The Industrial Information Technology Handbook by Richard Zurawski (CRC Press) focuses on existing and emerging industrial applications of IT, and on evolving trends that are driven by the needs of companies and by industry-led consortia and organizations. Emphasizing fast growing areas that have major impacts on industrial automation and enterprise integration, the Handbook covers topics such as industrial communication technology, sensors, and embedded systems.
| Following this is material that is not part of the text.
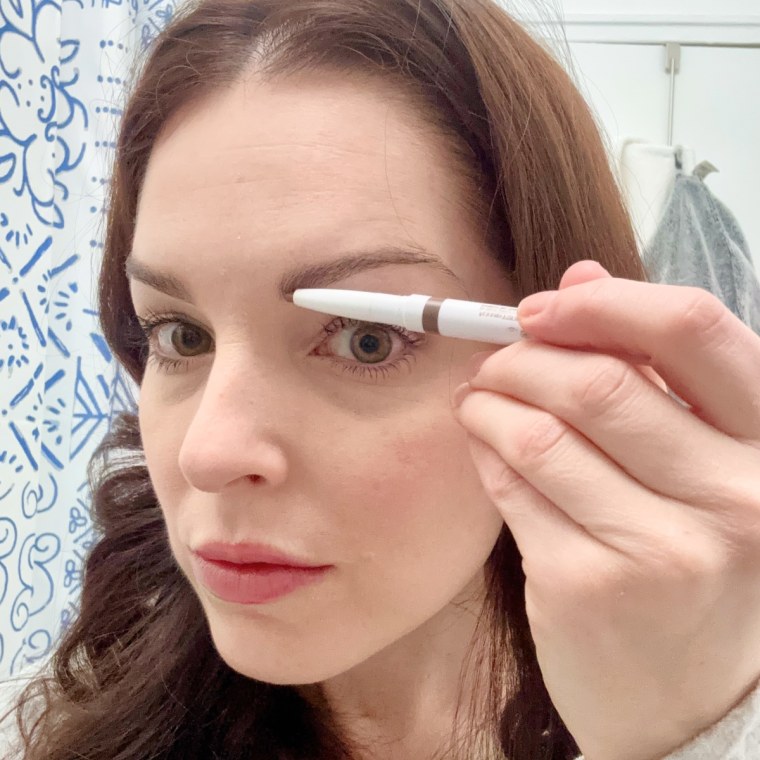 Associate editor Shannon Garlin applying e.l.f. Instant Lift Brow Pencil in neutral brown.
The Handbook presents material in the form of tutorials, surveys, and technology overviews, combining fundamentals and advanced issues, with articles grouped into sections for a cohesive and comprehensive presentation. The text contains 112 contributed reports by industry experts from government, companies at the forefront of development, and some of the most renowned academic and research institutions worldwide. Several of the reports on recent developments, actual deployments, and trends cover subject matter presented to the public for the first time.
Features:
Excerpt: The purpose of The Industrial Information Technology Handbook is to provide a reference useful for a broad range of professionals and researchers from industry and academia involved or interested in the use of information technology (IT) in industrial applications ranging from industrial automation to industrial enterprise integration. This is the first publication to cover this field in a cohesive and comprehensive way. The focus of this book is on existing technologies used by the industry, as well as newly emerging technologies and trends, evolution of which has been driven by the actual needs and by the industry-led consortia and organizations.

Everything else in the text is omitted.